You can stop to take some pics but do not switch off the engine :-)
Someone can find this place a little scary.
Vuccirìa is the largest and most popular market street in Palermo.
This is a great casbah-like markets, with mountains of food ranging from fresh swordfish steaks to all sorts of meat and recently harvested produce, reflecting the bounty of the Sicilian countryside. The array of such items as wild fennel, long-stemmed artichokes, blood oranges, and giant octopus will astound you.
This market trades Monday through Saturday until 2pm. Try to go before 10am, when it's at its most frenetic and colorful.
A very lively market in the heart of the quarter La Vucciria with stalls selling vegetable, fruit, meat, fish and what have you. We sort of happened to land here on our way back to our car, but couldn't stop to linger around and savour the mediterranean aromas and watch the business of the traders.
La Vucciria is a Palermo's colourful market . If you leave Piazza Marina with the sea behind you you'll reach Corso Vittorio Emanuele, just before Via Maqueda on the right you should see (hear and smell) the market once immortalised by the painter Renato Guttuso. Here the colours, flavours and voices of Palermo come together in a sensual medley second to none. Stall-holders will try to entice you to buy their wares - from freshly caught fish to luscious vegetables and pungent spices. Food stalls sell an array of sandwiches filled with just about anything you can fry: panelle, chickpea fritters, aubergines, octopus - the list is endless. If you prefer to sit while you're eating try the 'Trattoria Shanghai', which, despite its Chinese name, serves traditional Sicilian food. As you sit supping overlooking the market you'll be forgiven for thinking you're in the middle of Shanghai, or Casablanca or......

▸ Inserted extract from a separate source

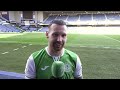 Martin Boyle's Reaction: Rangers 0 Hibernian 2 | William Hill Premiership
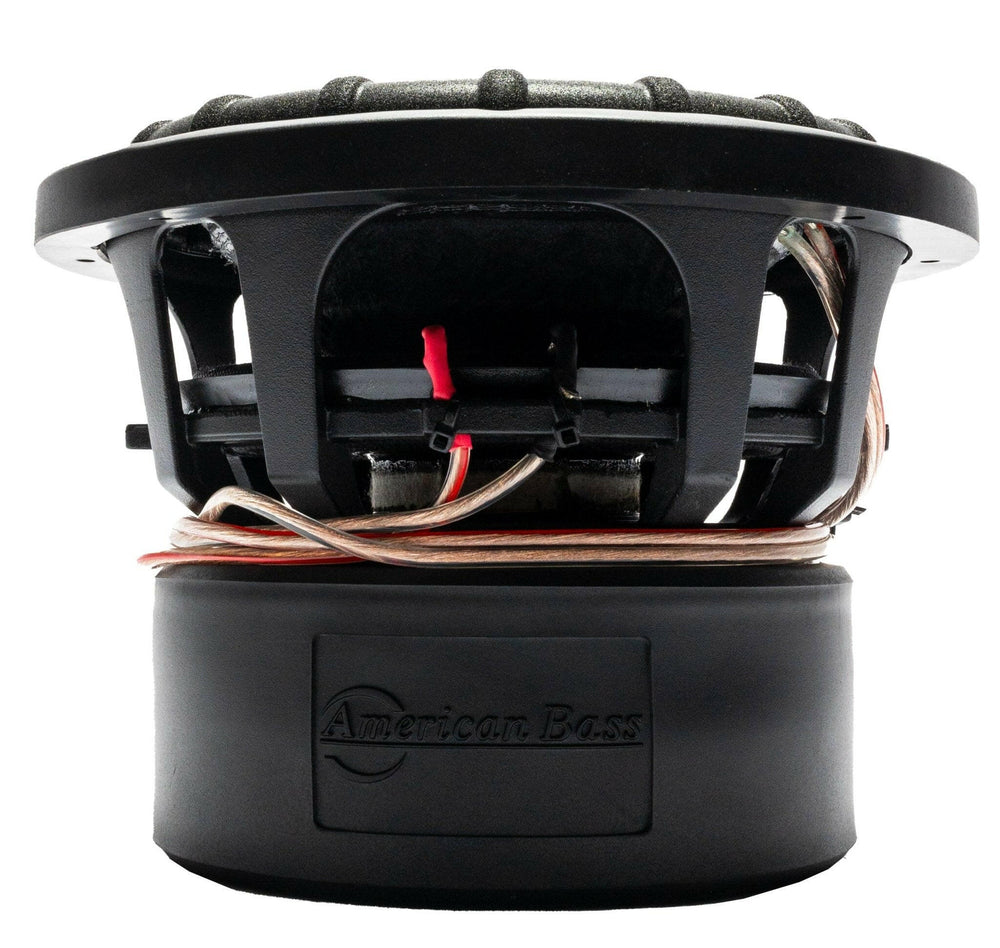 VFL 8″ Car Subwoofer | 600 Watts RMS | Dual Voice Coil 2 Ohm or 4 Ohm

Palermo has a rich artisan production. For example the production of artistic ceramics and of sicilian puppets and carts, copper and tin works in VIA CALDERAI, the making of chestnut wood and rush baskets near THE CALA and wrought-iron articles. A visit to the flea market (MERCATO DELLE PULCI), to browse among antique and modern and antique knick-knack, is of great interest. The confectioners offer many delicious cakes with ricotta cream (cannoli, casate etc.) and also cakes made from marzipan, the delicious marzipan fruits called 'frutti di martorana' and around all soul's Day, the socalled 'pupi a cera' these include knights, ladies and other figures made of sugar wich are offered to children during festivities.
THE OLD MARKETS
Opening hours: Weekdays from the earl morning to the evening; closed on holidays.
In Caracciolo square and neighbours, its name comes from the french word 'boucherie' that means butcher's market, but you can find everything: fresh fish, food stuffs, fruits & vegetables, clothes, etc.

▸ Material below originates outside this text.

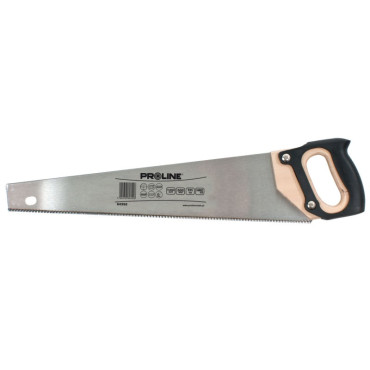 [64392] Fierastrau turbo cu maner gumat 10dinti / " 500mm Proline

All these things are displayed on stalls or hung in front of the stores giving the atmosfere of arabic suk.
It develops between Sant'agostino street and Porta Carini; you can find everything like Vucciria market : goods, wearing (even used clothes), useful objets for the house.
It covers the old quarter of Albergheria from Carmine square to Ballarò square. Even here you can find everything you need.
It is near the omonimous square of Casa Professa. There are new and used clothes, materials and all kind of used things.
It is next to Borsa Square, its name cames from the arabic word 'Suk-el-attarin' it means groceries'market but even in this case it is not only for groceries. Today you can find canvas and ropes, wholesales of wool and cotton for embrodery, underwear, socks, handkerchief, military clothes for hiking, leather jackets, rubber boots, military boots, sailor jumpers and knitwear.
MERCATO DELLE PULCI
Flee market. Antiques and local modern objets. Open weekdays from morning until afternoon. Holidays half a day.